QCache is a key-table cache, an in memory cache server with analytical query capabilities.

While the more commonly known key-value caches (such as Memcached) lets you fetch a value based on a key QCache lets you run queries against a table based on a key.

Motivation

You are working with table data that you want to run flexible queries against but do not want to load them into an SQL database or similar because of any of the following:

  • The operational cost and complexity of bringing in an SQL server

  • The tables do not have a homogeneous format

  • The data is short lived

  • Not all data available is ever used, you only want to use resources on demand

  • You want to treat queries as data and build them dynamically using data structures that you are used to (dictionaries and lists or objects and arrays depending on your language background)

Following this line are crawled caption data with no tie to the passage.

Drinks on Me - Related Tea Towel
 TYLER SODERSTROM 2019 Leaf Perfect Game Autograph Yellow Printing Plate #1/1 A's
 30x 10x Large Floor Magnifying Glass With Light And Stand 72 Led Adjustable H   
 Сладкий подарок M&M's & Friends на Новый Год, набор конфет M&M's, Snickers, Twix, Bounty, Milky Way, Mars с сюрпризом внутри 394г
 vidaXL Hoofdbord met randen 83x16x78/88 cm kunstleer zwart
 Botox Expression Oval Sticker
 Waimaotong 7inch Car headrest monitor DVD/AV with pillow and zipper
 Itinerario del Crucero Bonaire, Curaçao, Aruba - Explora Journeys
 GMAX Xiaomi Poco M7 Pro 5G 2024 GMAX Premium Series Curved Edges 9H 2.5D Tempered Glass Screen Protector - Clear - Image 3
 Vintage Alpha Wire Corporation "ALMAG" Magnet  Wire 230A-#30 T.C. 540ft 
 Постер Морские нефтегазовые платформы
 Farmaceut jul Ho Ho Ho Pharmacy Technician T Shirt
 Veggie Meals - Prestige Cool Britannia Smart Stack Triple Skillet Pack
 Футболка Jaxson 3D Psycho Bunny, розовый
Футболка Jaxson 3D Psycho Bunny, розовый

  • Expensive JOINs are required to create the table.

Or, you are building server software and want to add the possibility for your clients to run queries directly against the data without the need for dreadful translations between a REST interface with some home grown filter language.

Features

  • Simple, single process, single process, server.

  • Expressive JSON-based query language with format and features similar to SQL SELECT. Queries are data that can easily be transformed or enriched.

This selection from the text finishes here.